In a recent visit to the communities, beneficiaries described their first-time experience with the shadehouse as an opening of many opportunities for learning and improving the way they farm.

They also learnt about the safety of crops against climate change and pests, and planting wholesome, high quality crops.  Parsley, broccoli, lettuce and celery were identified as some of the delicate crops which are grown in the shadehouses and exceeded expectations in production and sales. One farmer noted, “I made full use of the five months at home during this Covid-19 and I am enjoying the time planting with the help of my sons. I always wanted to plant celery and lettuce and now I can do it.”

Dr Gillian, FAO Representative in Guyana advised “this is a new technology for these farmers.”

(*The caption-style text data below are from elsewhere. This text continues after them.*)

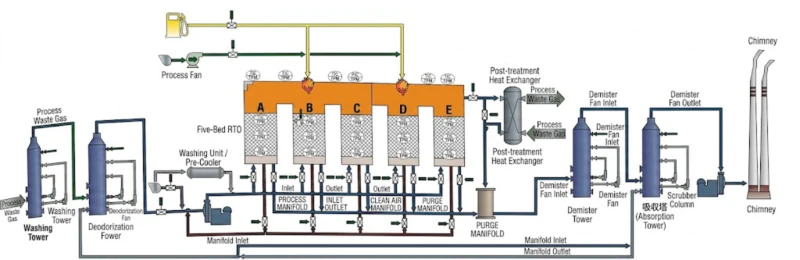 RTO process flow diagram for pharmaceutical industry VOC abatement showing water wash pre-treatment three-bed regenerative thermal oxidizer with ceramic heat storage beds combustion chamber at 800 degrees caustic wash HCl removal acid wash and waste heat recovery to lithium bromide chiller for facility cooling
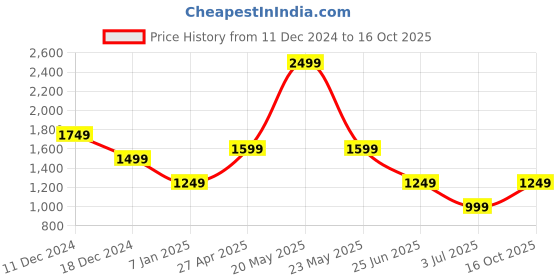 myntra.com Marks & Spencer Men Green Solid Trackpants marks & spencer Price History Graph from 11 Dec 2024 to 16 Oct 2025
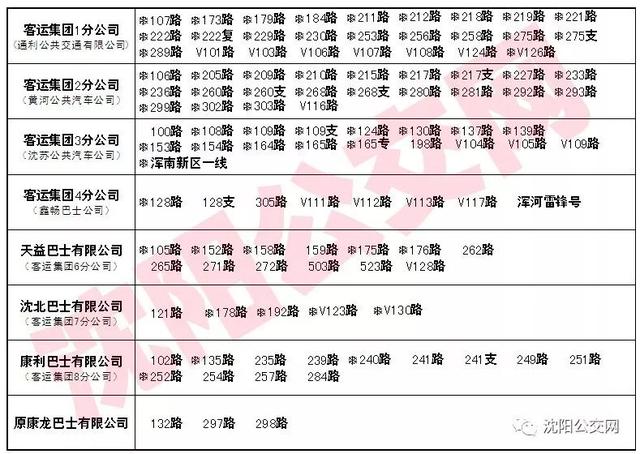 大POS机：坐公交可以不带钱、不带卡了！本月起沈阳108条公交线路可刷支付宝！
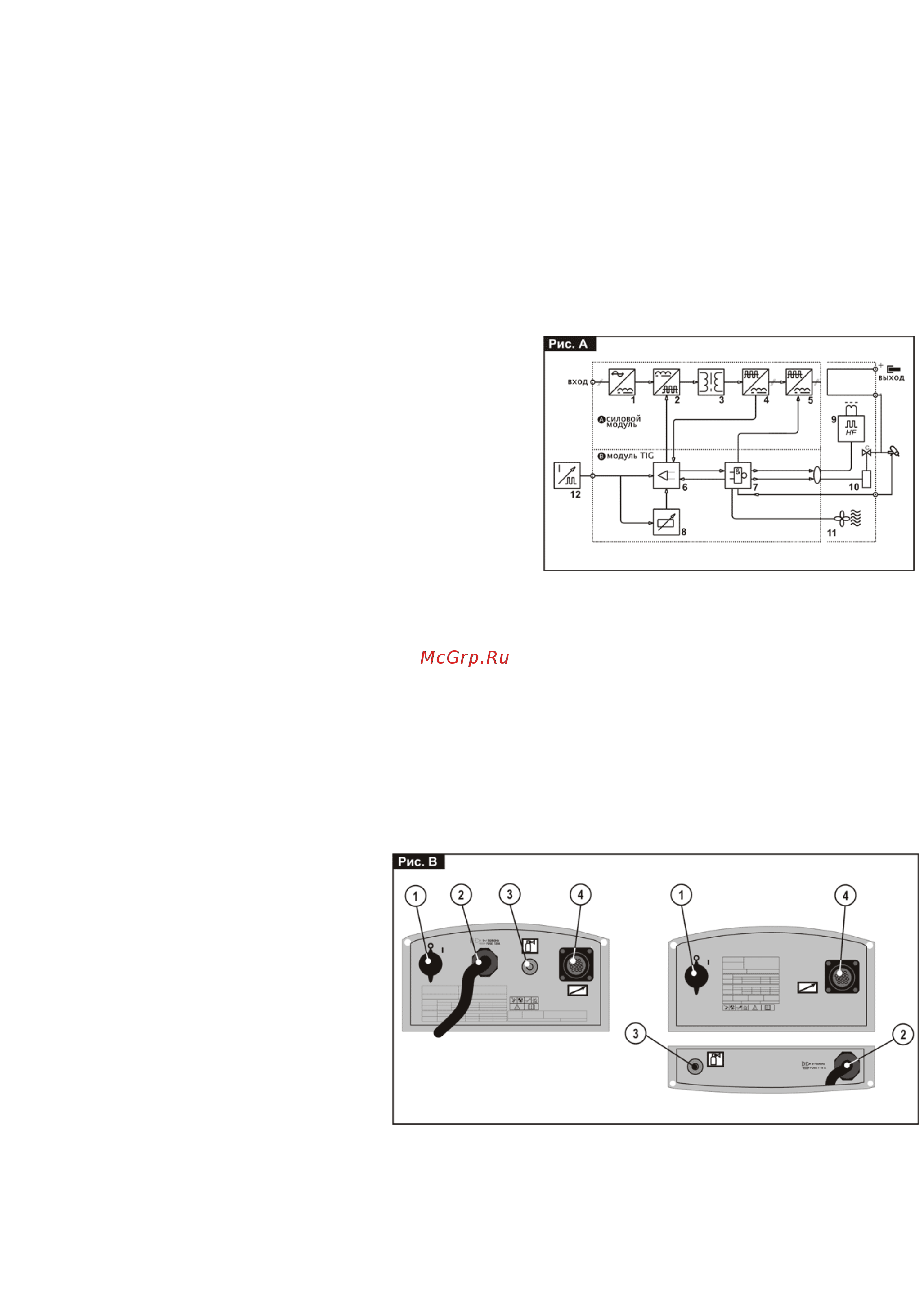Blue Weld TECHNOLOGY TIG 180 AC/DC – HF/LIFT [3/15] Подключение регулировка и индикация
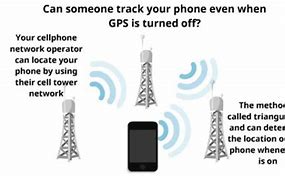 Image result for Phones without GPS Tracking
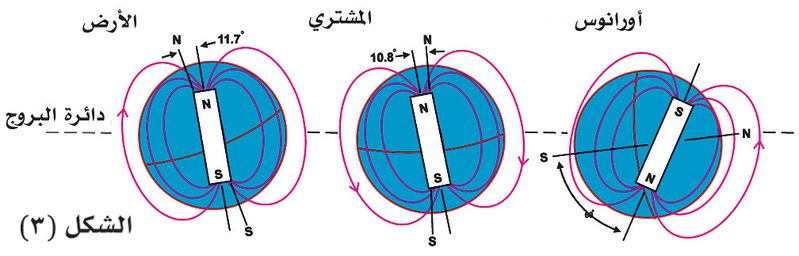 ملف:Oranouspicc3.jpg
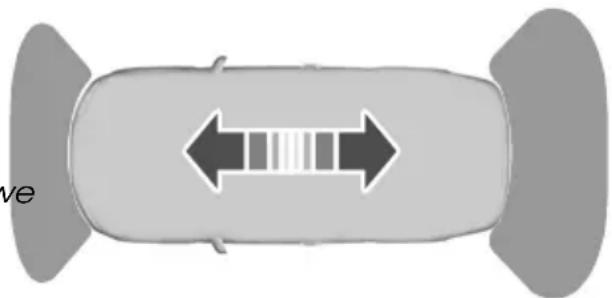 FORD Mondeo (2007) - Manoeuvring with the parking aid - 1
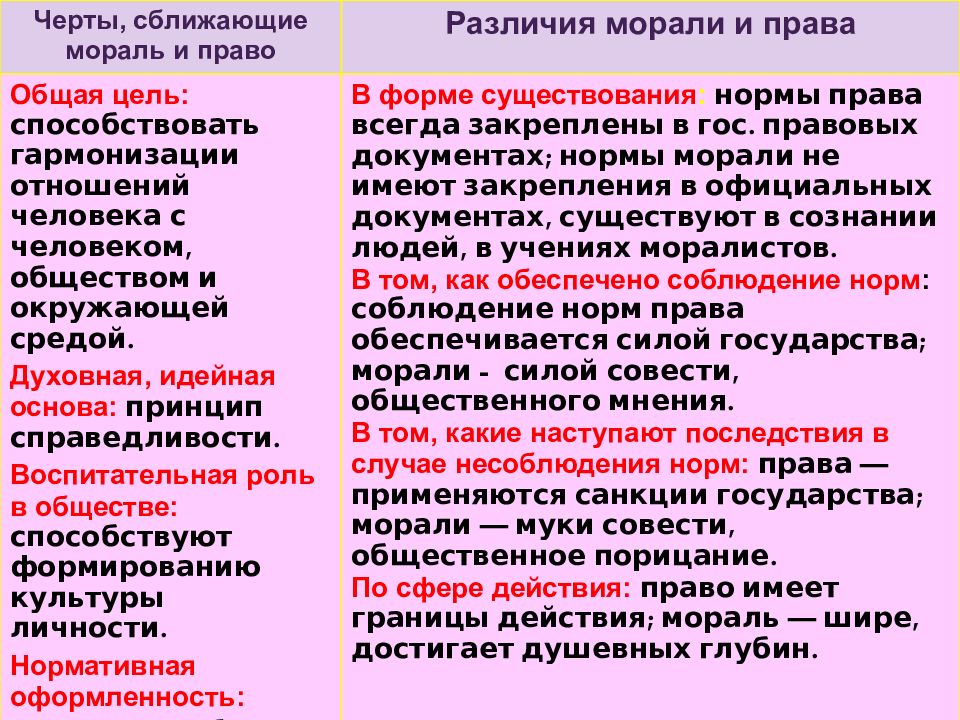 Как отличить прилагательное от причастия. Страдательные причастия и прилагательные. Отличие отглагольных прилагательных от причастий. Отличить отглагольное прилагательное от причастия.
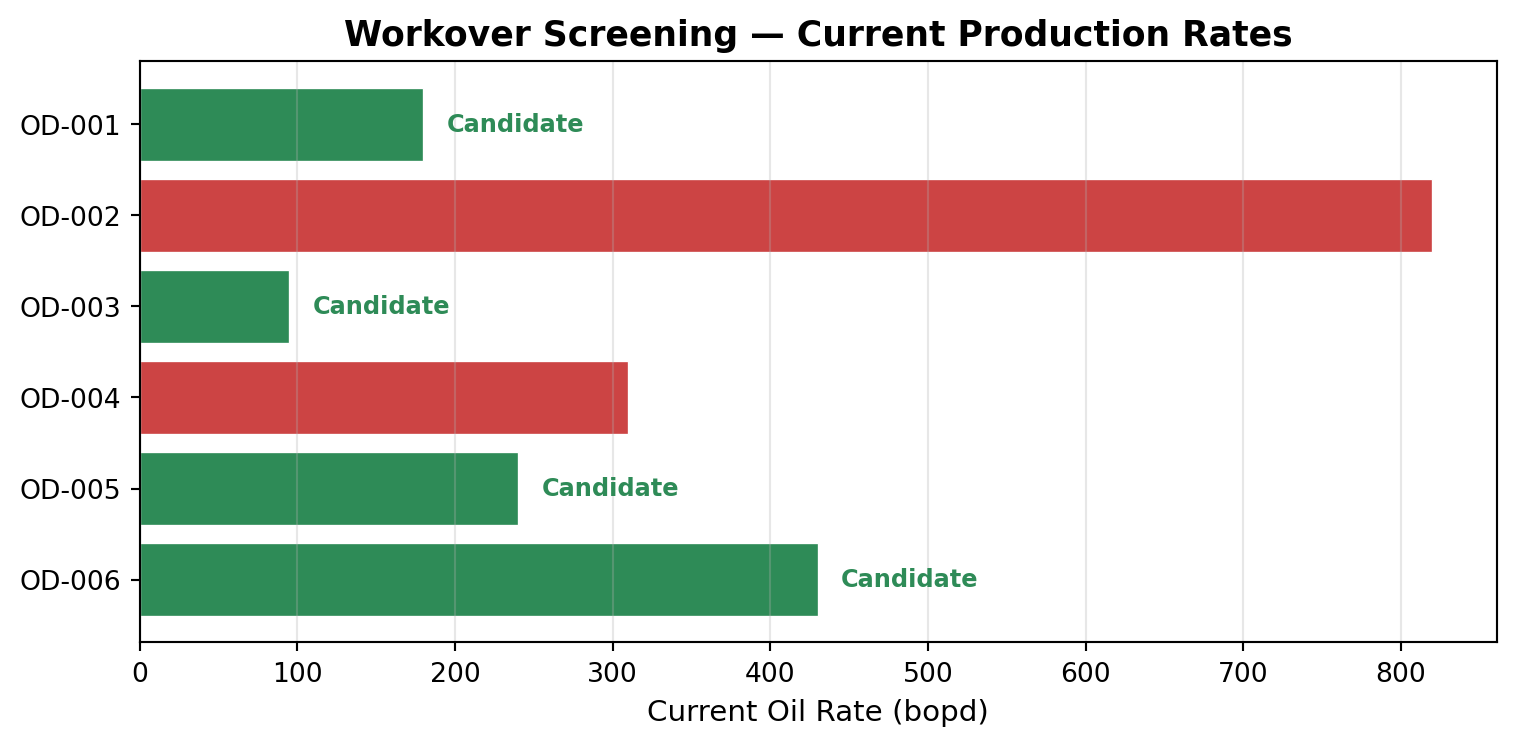 Monthly oil production rate showing typical decline behavior. The rate drops steeply in the first few months as reservoir pressure near the wellbore depletes, then flattens as the drainage area expands and the pressure gradient stabilizes.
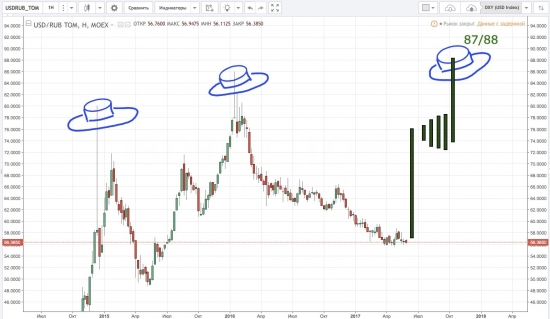 ≤00≥ USD/RUB - 3-я шляпа (шляпное фэнтези)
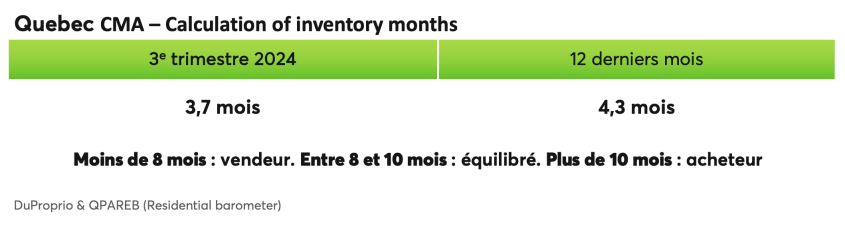 Quebec CMA - Calculation of inventory months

“It gives them many advantages in their efforts to be more resilient to the impacts of climate change.  It also helps them to diversify their production. As they continue to work with the shade houses, they will innovate and achieve much more effectiveness. Together with partners like IICA, we can work to improve agriculture production,” he said.

Among other measurable benefits is the ability to farm consistently during the rainy season and balancing economic gain with sustainable environmental practices. FAO and IICA plan to expand the small greenhouse farming solution to other locations in an effort to foster long term viability and food security while building resilience to climate change. Further, farmers will also benefit from market and price stability through shared agriculture programs, access to farmers’ markets and local distribution networks.

Overall, small greenhouses offer a safe way to protect livelihoods during this Covid-19 pandemic, improve resilience to climate change and create opportunities for lifelong farming and healthy eating habits.  A resilient agrifood system will support Guyana’s efforts to achieve the Sustainable Development Goals (SDGs), including SDG 2 – zero hunger which aims to end hunger, achieve food security and improved nutrition, and promote sustainable agriculture.